INDIA – Christian convert killed for refusing to renounce Christ
Pope Francis himself recently declared that there are now more martyrs than in the first centuries. One of them is the Indian Christian Bartu Urawan, who preferred to endure torture that led to his death rather than renounce his faith. This is the latest episode of violence by Hindu radicals against the Christian minority in India, where the constitution guarantees freedom of worship but this is being increasingly violated.
Bartu Urawn, 50, who lived in the village of Kubuaa in Palamu district with his wife and his son Beneswar, died a few weeks ago after suffering brutality for three years from neighbours.
Bartu and his family had converted to Christianity about ten years ago, along with 9 another families from the village. “We lived in utter poverty and did not have food for a single meal. We were completely broken as a family after we lost my elder sister, elder brother and younger brother one after the other. It was then the gospel was preached in our village,” said Beneswa. After converting to Christianity“ we had food to eat, health in our bodies and above all peace in our heart” he added.

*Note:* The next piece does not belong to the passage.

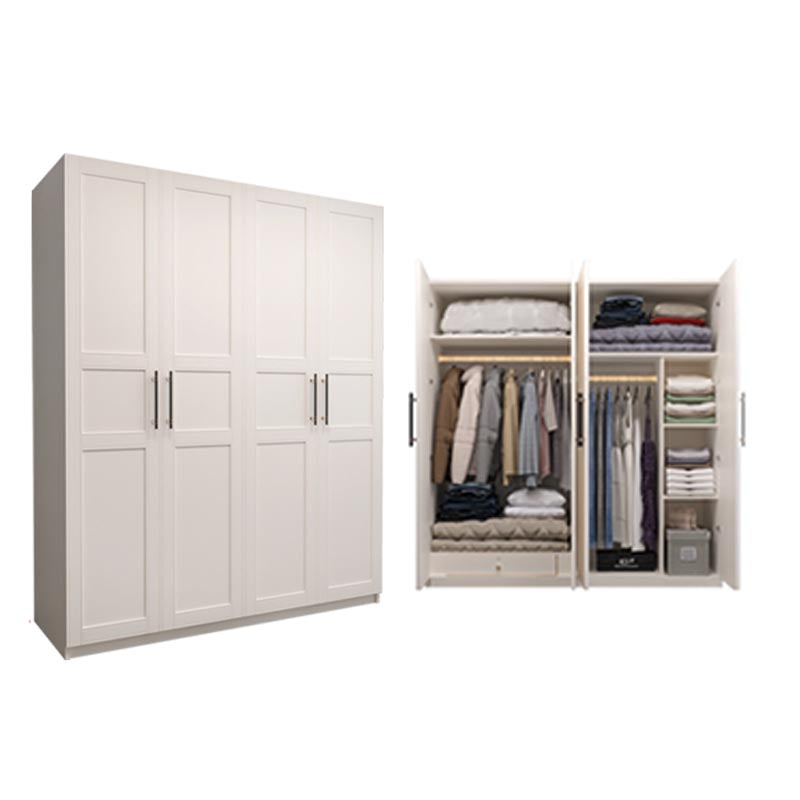 White Wood Wardrobe Cabinet With Drawers and Clothes Hanging Rod Storage Armoire Clearhalo 'Armoires & Wardrobes' 'armoires_wardrobes' 'Bedroom Furniture' 'furn' 'furn_armoires_wardrobes' 'Furniture' 6191583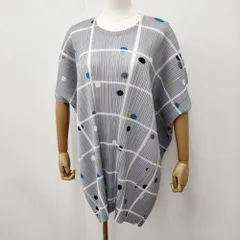 PLEATS PLEASE ISSEY MIYAKE CROSSING DOTS 定価57200円 PP61JT683 プリーツ チュニック 26SS グレー レディース プリーツプリーズ【中古】6-0712S♪のサムネイル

Gradually the villagers noticed that the lives of the 10 Christian families began to improve and they began to persecute them. Villagers used discrimination and harassment to force these families to return to ‘Sarna’”, or “the religion of sacred trees” – an ancient ritual common to Hindu mythology, Buddhists and Jains, which also carries out animal sacrifice. After receiving daily threats, seven families could not stand the intimidation and returned to their previous faith.
The villagers now turned their attention to the Urawn family. A mob assaulted Bartu, his wife, Beneswar, Beneswar’s wife and Beneswar’s younger brother and locked them inside their own house for several hours. They deliberately polluted the area from which the family fetched their drinking water. Later, they caught hold of Bartu and made him attend their worship, during which they sacrificed an animal. They forced meat from the sacrifice down his throat and made him drink fermented liquor.
When it became clear that the Urawn’s faith did not waver in spite of threats, assault and being ostracised, the villagers tied Bartu and his wife’s hands behind their back and immersed them in a freezing pond with only their heads above water for 17 hours. Beneswar, who was forced to watch his parents’ torture relates:
“Throughout the night they were in the cold water shivering and I along with 15-20 villagers were witness to the brutality. The villagers kept asking my father if he was ready to forsake Christ and return to the Sarna fold. He reiterated every time, ‘I will not deny Christ….I will continue to believe till my last breath’.”
Next morning Bartu and his wife were pulled out of the pond and hit. They both fell seriously ill as a result of their ordeal. Bartu’s wife eventually recovered but Bartu suffered repeated cardiac arrest, became paralysed and died.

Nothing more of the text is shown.